The finding that Sanmina's actions were not the cause of DirecTV's cancellation is sufficient to support the trial court's conclusion that Sanmina is not liable for the damages sought by Pace. Pace requested damages in three categories: (1) expectation damages (i.e., the benefit Pace expected to receive had the contract been performed) in the form of profits lost because it could not sell the finished boxes to DirecTV; (2) other losses due to DirecTV's cancellation, mainly related to being left with obsolete component parts; and (3) expenses incurred attempting to mitigate the loss caused by Sanmina's breach.
As to the first category, expectation damages, the finding that DirecTV canceled its order for reasons unrelated to Sanmina's conduct precludes Pace from recovering lost profits. Contract remedies, including those under the Uniform Commercial Code that apply here, are intended to put the nonbreaching party in a position as good as if the other party had performed-but not a better position. (See Cal. U. Com. Code, § 1106(1).) The trial court's finding, supported by substantial evidence, that DirecTV would have canceled its order regardless of Sanmina's failure to deliver all the components precludes expectation damages here. Based on that finding, if Pace were awarded any portion of what it expected to gain from selling the boxes to DirecTV, that would put Pace in a better position than if Sanmina had fully performed. The trial court's conclusion that Pace cannot recover expectation damages is supported by its finding that Sanmina's breach did not cause DirecTV to cancel.
Damages in the second category, losses resulting from DirecTV's cancellation, are not recoverable again based on the finding that Sanmina's breach did not cause the cancellation. (Crossroads Investors, L.P. v. Federal National Mortgage Assn. (2017) 13 Cal.App.5th 757, 792 [" 'In breach of contract actions, damages cannot be presumed to flow from liability. It is essential to establish a causal connection between the breach and the damages sought.' "] If Sanmina's breach did not cause DirecTV to cancel, neither did it cause the losses flowing from the cancellation.
The third category of damages, expenses incurred to mitigate Pace's losses resulting from Sanmina's breach, also cannot be awarded based on the trial court's finding that the breach did not cause DirecTV to cancel. As a general matter, because a nonbreaching party must mitigate damages caused by a breach of contract, reasonable expenses incurred in fulfilling that obligation can be recovered as an item of damages. (See Brandon &Tibbs v. George Kevorkian Accountancy Corp. (1990) 226 Cal.App.3d 442, 461.) But mitigation expenses cannot be recovered when there are no breach-related damages to mitigate. Pace provides no authority suggesting it can recover expenses to mitigate damages not caused by the breach. The authority it does cite, Brandon &Tibbs v. George Kevorkian Accountancy Corp., expressly declined to decide that point. (Id. at p. 459 ["Corporate defendant contends that if it is not liable for lost profit damages as urged above, corporate defendant is also not liable for damages arising from plaintiff's attempt to mitigate such lost profit damages by opening a new practice. Since we have resolved the foregoing issue against the corporate defendant, there is no need of any further discussion of this issue."].) Having found that Sanmina's breach did not cause a loss, the trial court properly did not reach the issue of whether to add damages for expenses Pace incurred in efforts to mitigate its losses.

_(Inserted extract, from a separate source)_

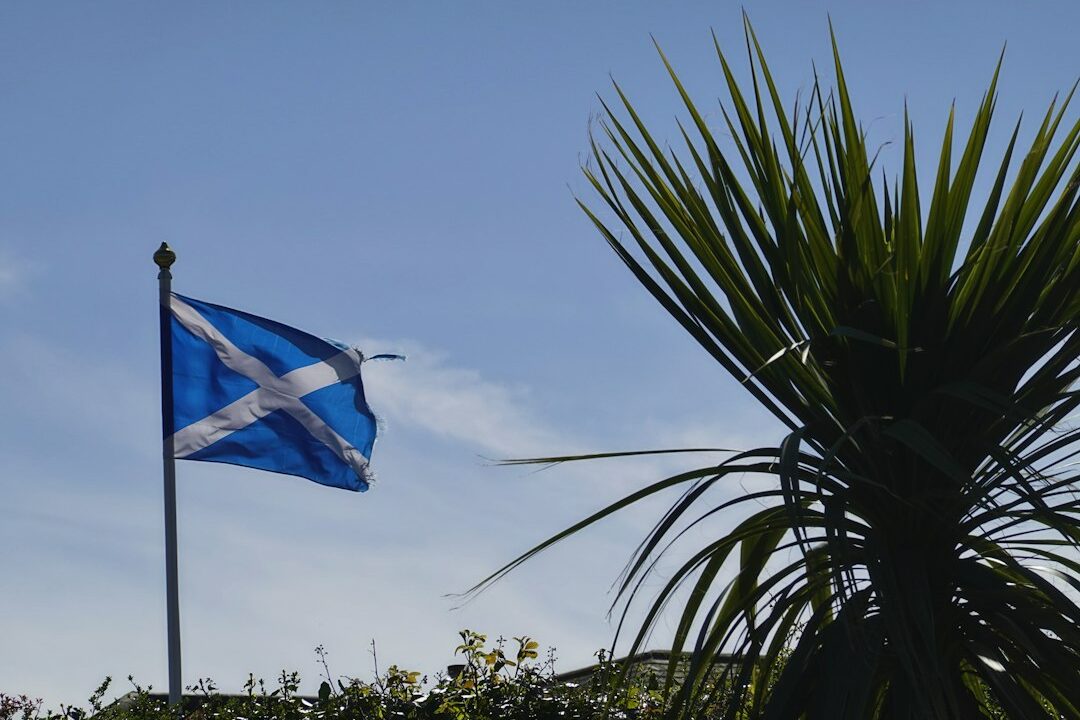 A blue flag with a white cross, symbolizing Scottish nationalism, flying on a pole in the sunlight.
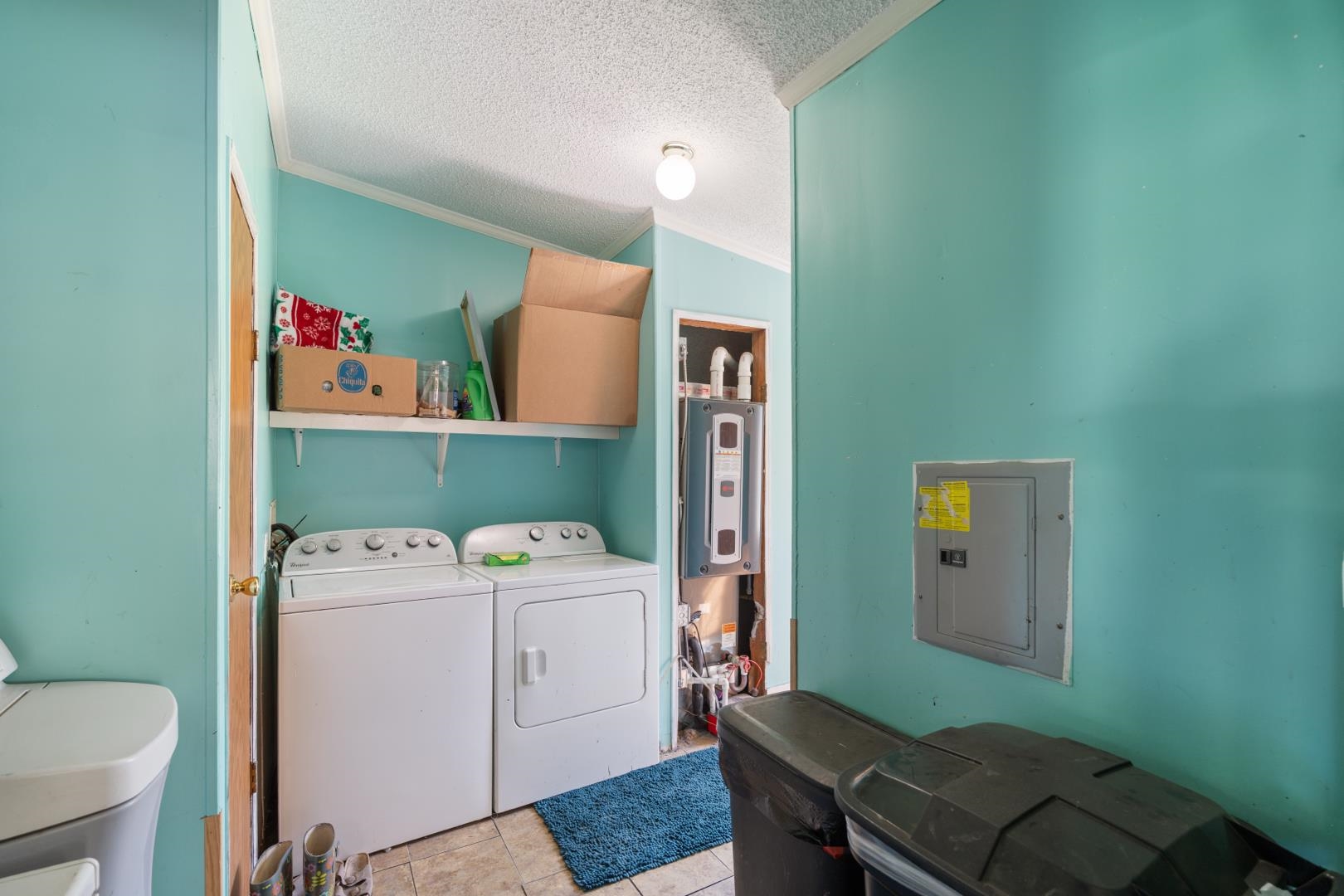 Laundry area with electric panel, ornamental molding, a textured ceiling, separate washer and dryer, and light tile patterned floors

We acknowledge the reasonableness of Pace's interpretation--that it was Sanmina's breach that prompted the production changes, which then caused DirecTV to cancel. But a reasonable alternative interpretation of the evidence is not grounds for reversal under the substantial evidence standard. After considering all the evidence, the trial court found the cancellation was caused by Pace's decision to change the production process and by DirecTV's move to a newer product. Because that finding is supported by substantial evidence, our review ends there and the finding will not be disturbed on appeal. (See People v. Overstock.Com, Inc. (2017) 12 Cal.App.5th 1064, 1079 ["The test 'is simply whether there is substantial evidence in favor of the respondent. If this "substantial" evidence is present, no matter how slight it may appear in comparison with the contradictory evidence, the judgment must be upheld.' "].)
2. Finding that the Parties Agreed to Modify the Quantity of Excess Materials Purchased
Pace alleged Sanmina breached the contract to sell excess components it had on hand when it delivered less than the quantity it agreed to sell. The trial court decided there was no breach because the parties agreed to modify the agreement to reflect the smaller number Sanmina ultimately had; and the quantity in the modified agreement was what Sanmina delivered. The trial court found: "the parties agreed to change the mix of materials ... to reflect what Sanmina actually had on hand after making appropriate cancellations and redirecting material in transit. ... Pace did not offer any proof that Sanmina failed to comply with the [purchase order], as amended by the agreements to change the materials to be delivered ... thus it failed to prove breach, damages, or causation."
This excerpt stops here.